= William Munk =

British doctor and medical historian

William Munk, FRCP (September 1816 - 20 December 1898) was an English physician, now remembered for his work as a medical historian and "Munk's Roll", a biographical reference work on the Royal College of Physicians.

==Life==
The eldest son of William Munk, an ironmonger, and his wife Jane Kenward, he was born on 24 September 1816 at Battle, Sussex, and after education at University College London, graduated M.D. at the Leiden University in 1837. He began practice in London in September 1837, and in 1844 he became a licentiate of the Royal College of Physicians, and in 1854 a fellow. In 1857 he was elected the Harveian Librarian of the college, and held office till his death.

He became a Roman Catholic in 1842, and from 1857 to 1865 was the medical adviser of Nicholas Wiseman, Cardinal Archbishop of Westminster. He was for many years an active member of the committee of the London Library.

He was elected physician to the Smallpox Hospital in February 1853, and held office there for forty years. When Prince Arthur had smallpox at Greenwich in October 1867 he was called in consultation. He long resided at 40 Finsbury Square, London, enjoyed a considerable practice, and died there on 20 December 1898. He was of short stature.

==Works==
In 1857 he published 'Memoirs of the Life and Writings of J. A. Paris, M.D.', on John Ayrton Paris, and in 1861 'The Roll of the Royal College of Physicians of London,' in two volumes. A second edition of this work appeared in 1878 in three volumes; it is a major work of reference on the physicians of England, refers to the manuscript records of the College of Physicians, and contains information from other sources.
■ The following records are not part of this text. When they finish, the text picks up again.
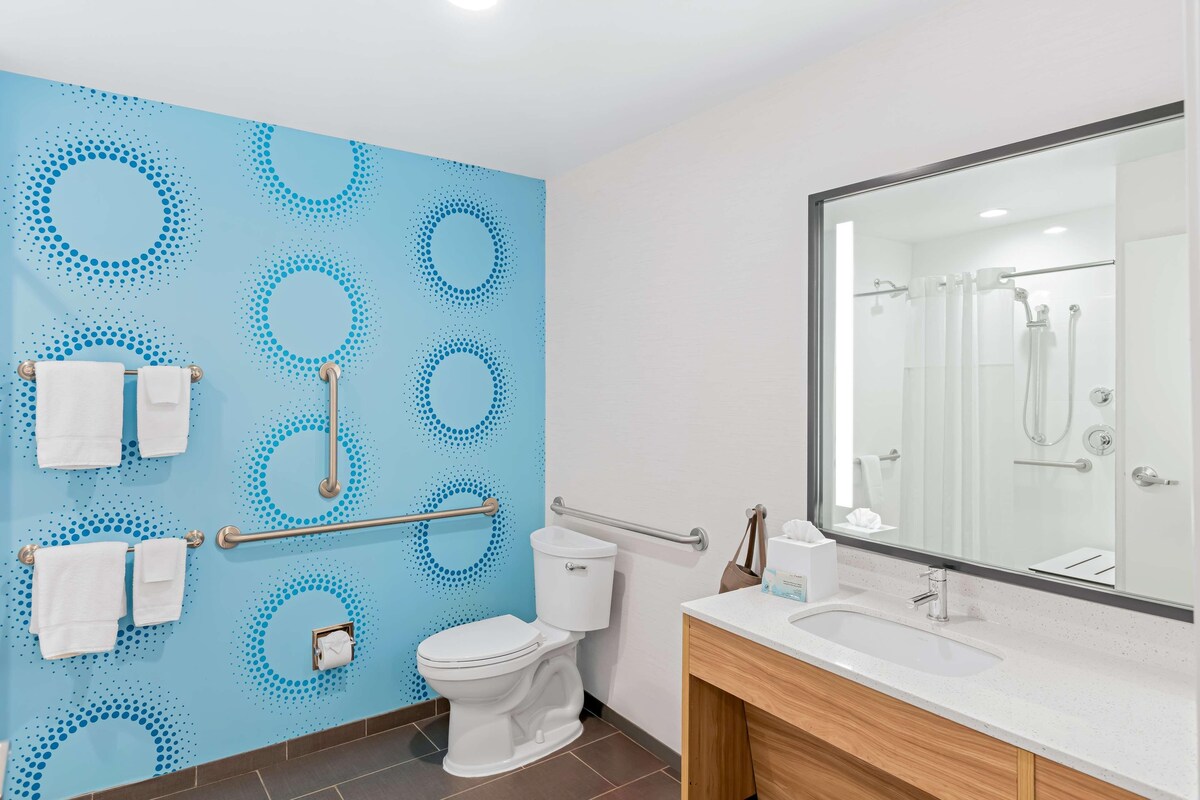 Ein modernes Badezimmer mit blauem Wandmuster, einer weißen Toilette, einem Waschbecken und einem großen Spiegel.
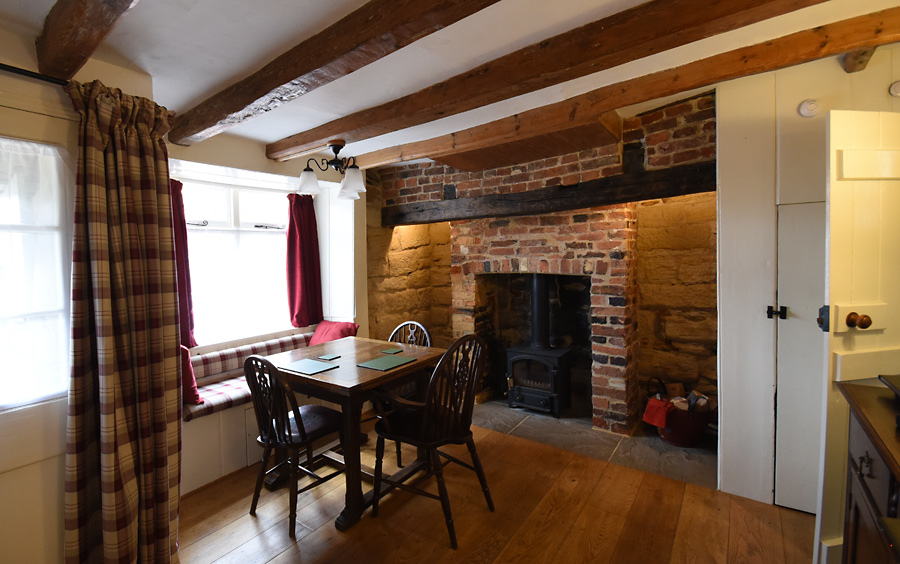 Dining table seat six, window seat stane and brick fire place with large bressummer beam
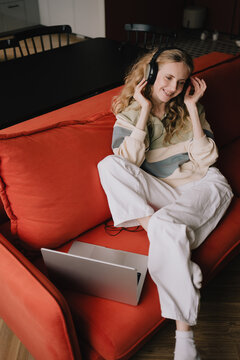 Smiling woman wearing headphones with a laptop while relaxing on a sofa at home, enjoying digital content, online learning and audio entertainment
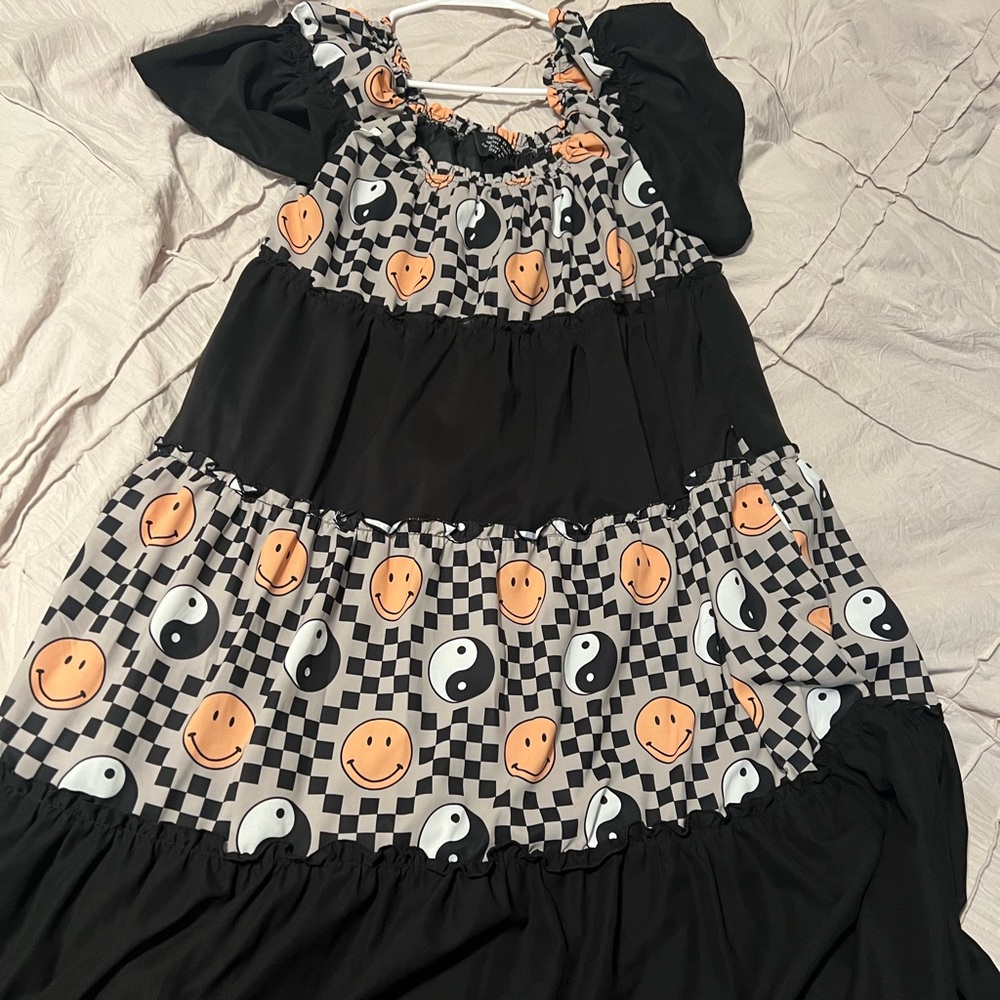 Dressed in lala smiley dress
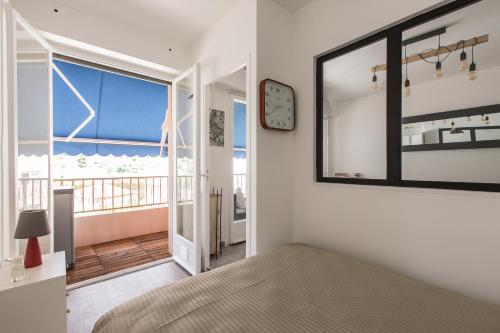 Ένα ή περισσότερα κρεβάτια σε δωμάτιο στο Beautiful Apartment near Monaco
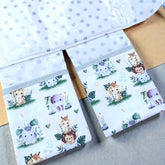 opened baby change mat with 2 pockets and jungle animal print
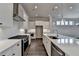 Modern kitchen featuring a large island with sink, stainless steel appliances, and white cabinetry at 1043 Harvest Park Ln, Suwanee, GA 30024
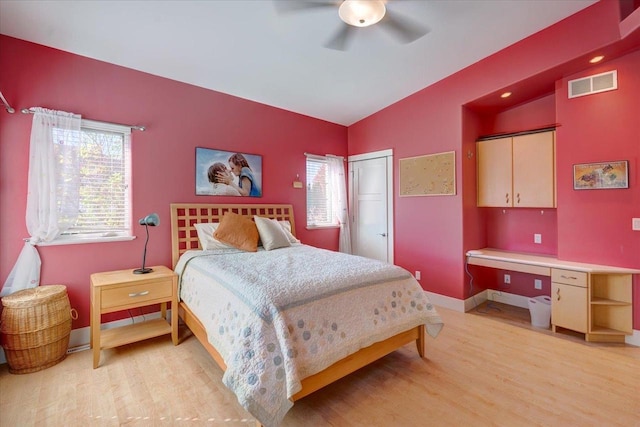 bedroom featuring built in desk, lofted ceiling, ceiling fan, light hardwood / wood-style flooring, and a closet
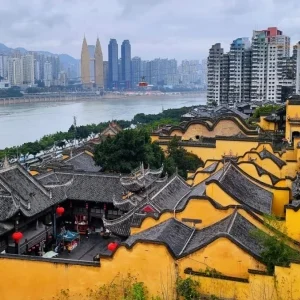 Rooftop view of Huguang Guild Hall with city and river backdrop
In 1860 he published the first two volumes of The Roll of the Royal College of Physicians of London, and the third volume in 1878 as part of the second edition of the work. It is now commonly known as the Munk's Roll.
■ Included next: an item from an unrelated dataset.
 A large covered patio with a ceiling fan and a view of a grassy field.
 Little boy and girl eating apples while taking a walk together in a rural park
In 1884 he edited 'The Gold-headed Cane' of Dr. William MacMichael, in 1887 published 'Euthanasia, or Medical Treatment in aid of an Easy Natural Death,' and in 1895 'The Life of Sir Henry Halford, Bart., M.D.' The College of Physicians voted him one hundred guineas in consideration of this work. He also published some 'Notæ Harveianæ' in the 'St. Bartholomew's Hospital Reports' (vol. xxii.); and in 1885 'Marvodia,' a genealogical account of the Marwoods, a Devonshire family; and wrote several essays on medical subjects in The Lancet.

==Family==
He married, 30 April 1849, Emma, eighteenth child of John Luke of Exeter, and left two sons and three daughters.